At the recent 2018 ACR Annual Meeting, we also presented 12-month data from our dermatomyositis Phase II open-label extension study, in which mean improvement in CDASI activity score now reached a minus of 17.6 points, following the 6-month time point of 15.4 points. To put this in context, an improvement of just minus 4 to 5 points in CDASI activity score is considered medically meaningful. In fact, at the 12-month time point, 84% of patients have now shown a decrease in CDASI of at least 10 points.
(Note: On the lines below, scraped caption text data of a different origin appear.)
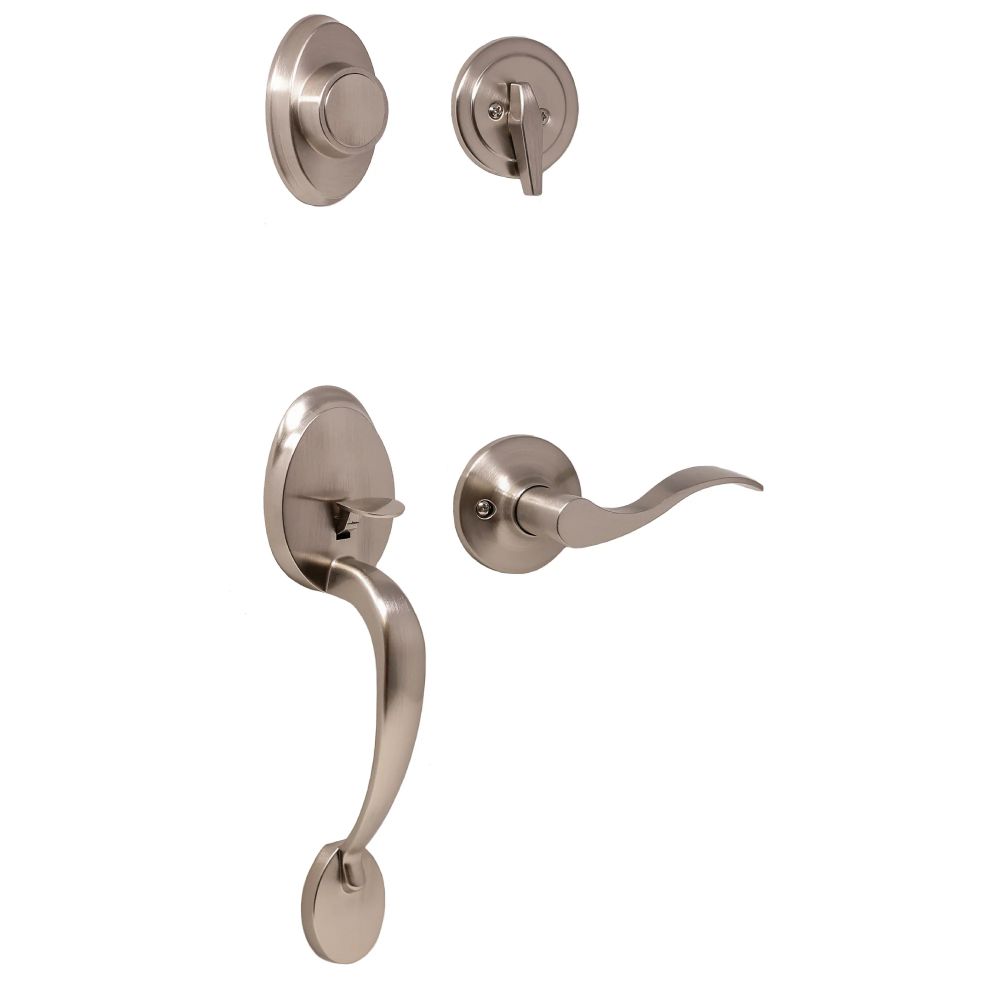 Weslock Hillcrest Dummy Handleset with New Haven Trim Weslock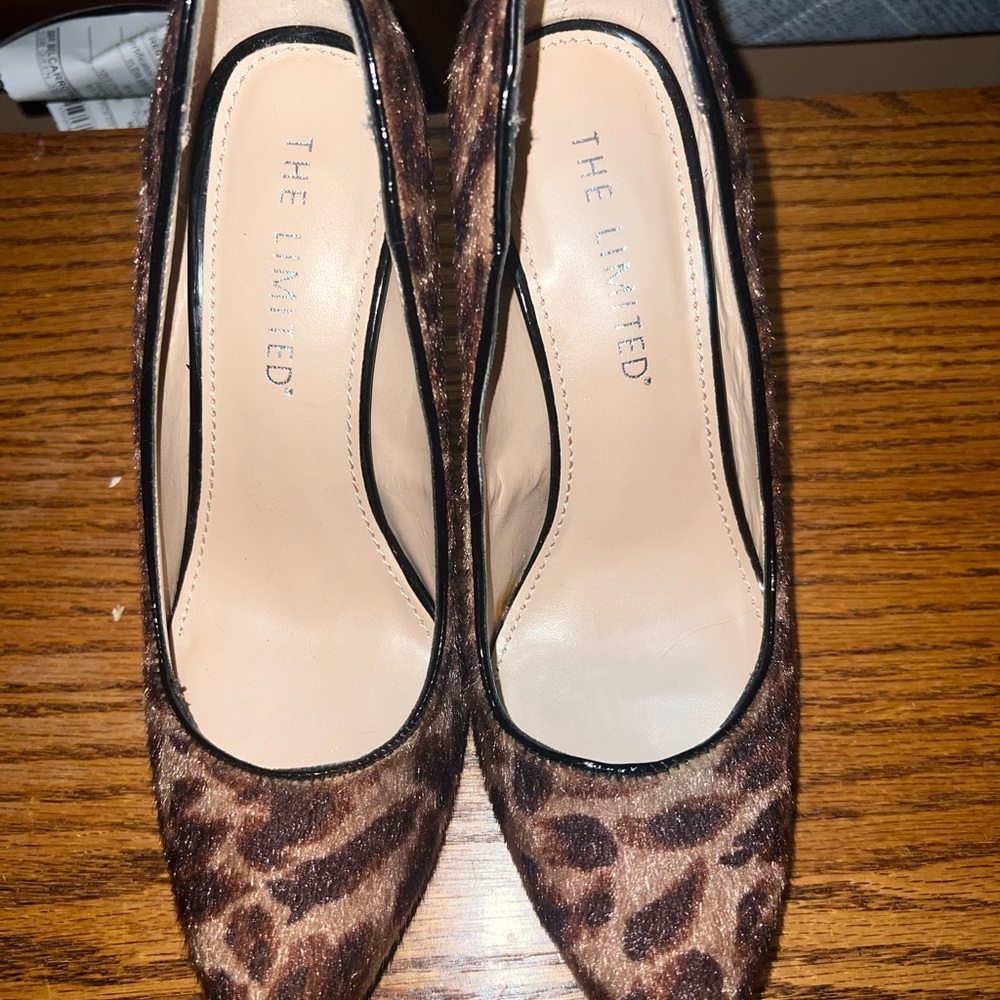 The Limited Leopard Print Heels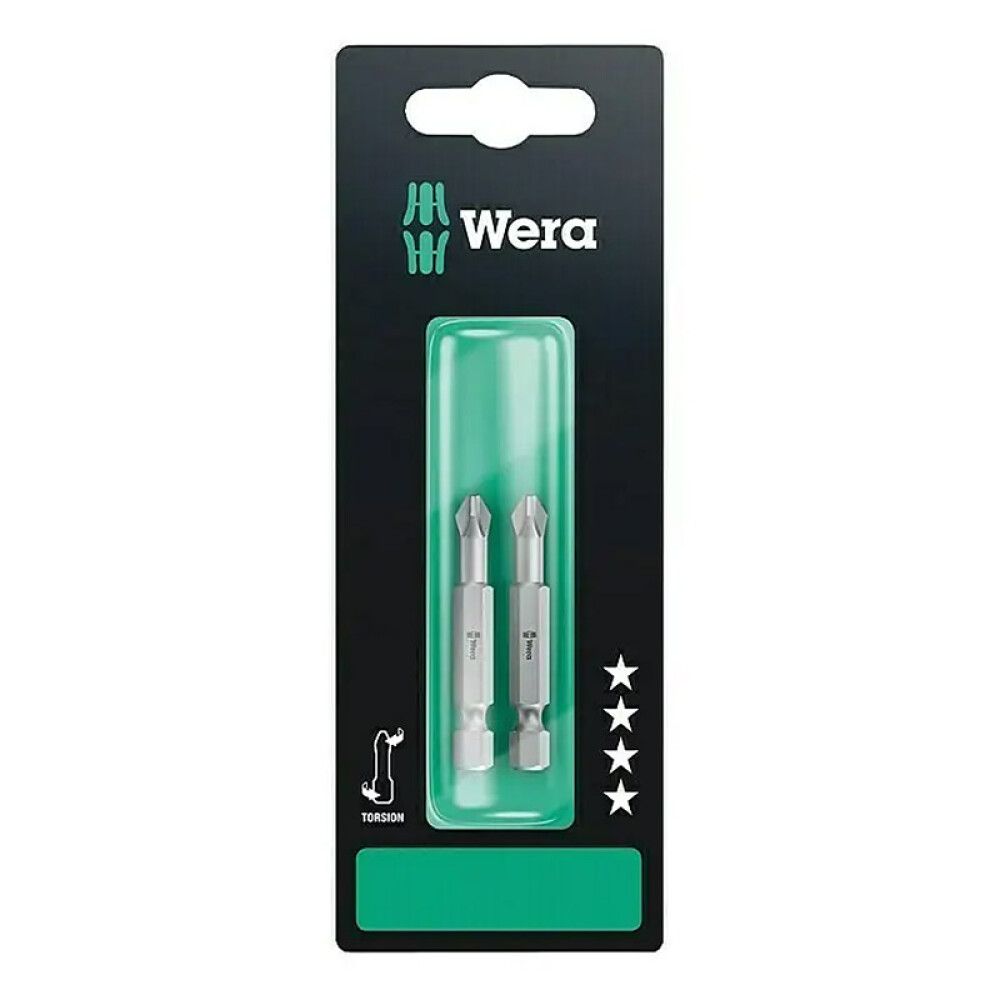 BITS WERA PH2 50MM 2STK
Turning to the cystic -- to cystic fibrosis, an orphan genetic disease characterized by chronic lung inflammation that leads to lung damage and fibrosis. Our program is currently in its second Phase II study, evaluating pulmonary exacerbations as the primary efficacy endpoint, the first time the FDA has agreed to this endpoint for use as a registrational endpoint. It takes into account the specific clinical expected benefits from the use of drugs targeting inflammation.

The study also remains on track, and we expect to report top line data in 2020.